13 Feb 2020;15:36:44.503 Statustext{severity=EnumValue{value=7, entry=MAV_SEVERITY_DEBUG}, text=RCInput: decoding SBUS}
...
13 Feb 2020;15:36:44.512 ParamValue{paramId=MOT_THST_HOVER, paramValue=0.31309304, paramType=EnumValue{value=9, entry=MAV_PARAM_TYPE_REAL32}, paramCount=1033, paramIndex=65535}
...
13 Feb 2020;15:36:44.599 ExtendedSysState{vtolState=EnumValue{value=3, entry=MAV_VTOL_STATE_MC}, landedState=EnumValue{value=1, entry=MAV_LANDED_STATE_ON_GROUND}}

After which it turned off motors and crashed.

Please post some logs somewhere.

Obvious question first, 'though - did someone turn a transmitter on just before the thing came down?

Hi Peter,

You can find the crash flight log here:

And, for reference, a log of a successful flight (a few minutes earlier) can be found here:

Both flights were automatic. We have an on-board mission computer that controls the flight logic. However, we also have a receivers on-board that can be used to take manual control during flight if needed (although it wasn’t actively used in either of these flights).

Looking at the crash log it seems as though the receiver only got loaded/recognized in the middle of the flight, which led to some init sequence by the flight controller, which eventually shut down the motors in mid-air. This can either be a physical problem (the connector might have been partially pushed?), or possibly a software bug that only loaded the receiver mid-flight?

And if this is the case, is there any pre-arm check we can/should use to verify the receiver is loaded prior to takeoff? Or, other way to prevent receiver-loading in mid flight from shutting down the motors?

** I’ll just clarify that the controller was sitting on a table and was not touched by anyone during the entire flight. But we also didn’t verify that it got connected prior to takeoff…

Many thanks!

Looking at the crash log it seems as though the receiver only got loaded/recognized in the middle of the flight, which led to some init sequence by the

This is, indeed, the cause of the crash. You have arming-on-a-switch set
on channel 7. That switch was in the low position. When the autopilot
started to process the SBUS input it acted on the switch.

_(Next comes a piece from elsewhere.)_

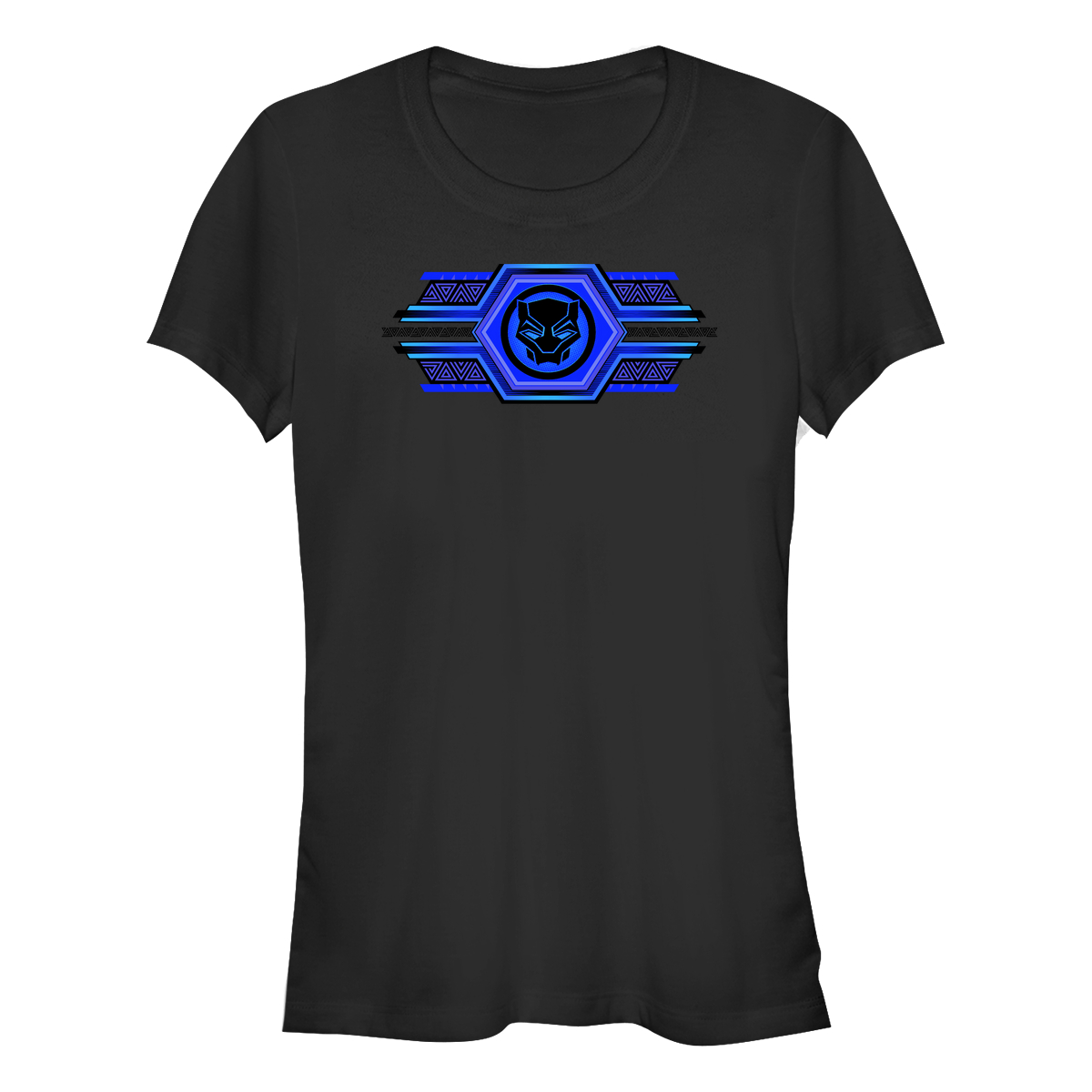 Marvel - Panthère noire Wakanda pour toujours - Logo Sigil Hexes - Femme T-shirt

flight controller, which eventually shut down the motors in mid-air. This can either be a physical problem (the connector might have been partially
pushed?), or possibly a software bug that only loaded the receiver mid-flight?

Yes, that’s the interesting question.

I think it is quite safe to rule out anything being “loaded” - nothing
like that happens in this bit of our code.

It is possible that there’s a software bug which didn’t allow valid
input to be decoded correctly. I would rate the chances of this
extremely unlikely.

Electrical problem is possible. Airside protocol incompatability also.

Lastly - to try to understand the late connction of the receiver - some
radios are smart enough to keep their own logs of what’s been going on -
you might check those logs if you are lucky enough to have such a
receiver.

Check to see if you can get data into the RSSI logs, too. I never have,
but…

And if this is the case, is there any pre-arm check we can/should use to verify the receiver is loaded prior to takeoff? Or, other way to prevent
receiver-loading in mid flight from shutting down the motors?

Do you have a log of the mavlink messages from your companion computer?
I have to assume that’s what armed the aircraft (given the log I’m looking
at).

What you should have received was an arming failure like this:

APM: PreArm: Throttle below Failsafe

Did you ensure that RC failsafe was working on this vehicle?

FS_THR_ENABLE is not set, so we rely on the RC receiver setting a bit in
the protocol to indicate that it isn’t getting data. Sadly, several
receivers do not set that bit.

** I’ll just clarify that the controller was sitting on a table and was not touched by anyone during the entire flight. But we also didn’t verify that it
got connected prior to takeoff…

The logs appear to indicate there was no connectivity until the fateful
event. No RSSI message present in log, so that doesn’t tell us anything.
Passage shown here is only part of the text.